National Policies and Advocacy Efforts
Dr. Pandian highlights the significant policy changes in India, including the integration of stroke care into the National Program of Non-Communicable Diseases (NCDs), the revised guidelines by the Ministry of Health and Family Welfare, and the introduction of stroke packages in the Ayushman Bharat universal health coverage scheme.  
The reimbursement package for stroke care has been revised to a reasonable amount, encouraging private players to participate in the program. Additionally, the Stroke Center certification through the World Stroke Organization (WSO) and the National Accreditation Board for Hospitals and Healthcare Providers (NABH) has been initiated, with plans to certify at least ten centers by August. 
Dr. Khurana discusses the increasing incidence of stroke in India, with a focus on the states of Punjab and Haryana. He highlights the challenges faced, including a lack of awareness among healthcare workers and the public, a workforce shortage, and inadequate infrastructure.  
The significant risk factors contributing to the high stroke incidence in these states include high systolic blood pressure, sugars, BMI, smoking, alcohol, and lack of a healthy lifestyle. Dr. Khurana emphasizes the need for a two-pronged approach to address these challenges: increasing awareness and improving treatment accessibility. 
Physician-Led Stroke Model and Technology Integration
Dr. Pandian and Dr. Khurana discuss the physician-led stroke model and the importance of technology integration in improving access to thrombolysis.  
The speakers highlight the challenges in implementing this model, such as physicians' fear of complications and the need for imaging interpretation support.  
The role of technology, particularly telemedicine, in assisting physicians and facilitating decision-making is emphasized.  
Dr. Khurana shares his experience in Punjab and Haryana, where images and data are shared through WhatsApp or cloud-based platforms, enabling quick decision-making and patient referral from district hospitals to tertiary care centers. 
Global Perspectives on Technology-Driven Stroke Care
Dr. Pandian shares a global perspective on technology-driven stroke care, citing examples from China, where a cluster randomized trial demonstrated improved stroke outcomes and thrombolysis rates using AI-driven diagnosis and algorithm-based treatment.  
He also mentions the successful implementation of a telestroke model in Tanzania, Africa, which led to the training of physicians and establishing a stroke unit. 
The speakers emphasize the significance of a digitalized workflow and operational platform over minor accuracy differences. They discuss the potential of AI-enabled platforms and applications in diagnostics, rehabilitation, and community-based care.  
Dr. Pandian shares his experience developing a tele-stroke rehabilitation platform called "ATTEND-2," which aims to empower caregivers at home to manage post-stroke complications and improve outcomes. 
Unique Aspects of Stroke Care in India
Dr. Pandian highlights the public-private partnership model implemented in Punjab for CT scans in district hospitals, which can be replicated in other states and LMICs. Dr. Khurana emphasizes the significance of the growing network of stroke trials funded by the Indian Council of Medical Research (ICMR) and the Ministry of Health. This will lead to multi-center clinical trials focused on local scenarios and clinical problems. 
Dr. Pandian and Dr. Khurana highlight the need for more mobile X-ray units and expanded AI algorithms to cover a broader range of conditions, including Non-Communicable Diseases (NCDs), Chronic Respiratory Diseases (CRDs), and Cerebrovascular Diseases (CBDs). They discuss the potential for scalability in India and the importance of continued collaboration, support, and innovation in transforming healthcare delivery and outcomes. 

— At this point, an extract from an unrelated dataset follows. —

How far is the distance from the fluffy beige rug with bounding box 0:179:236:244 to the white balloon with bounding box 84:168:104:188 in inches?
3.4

The discussion concludes by addressing socioeconomic disparities, engaging community leaders and stroke survivors, and fostering patient support organizations to improve stroke care outcomes in India. The speakers also highlight the unique aspects of stroke care in India, such as the public-private partnership model and the growing network of stroke trials, which can serve as examples for other LMICs.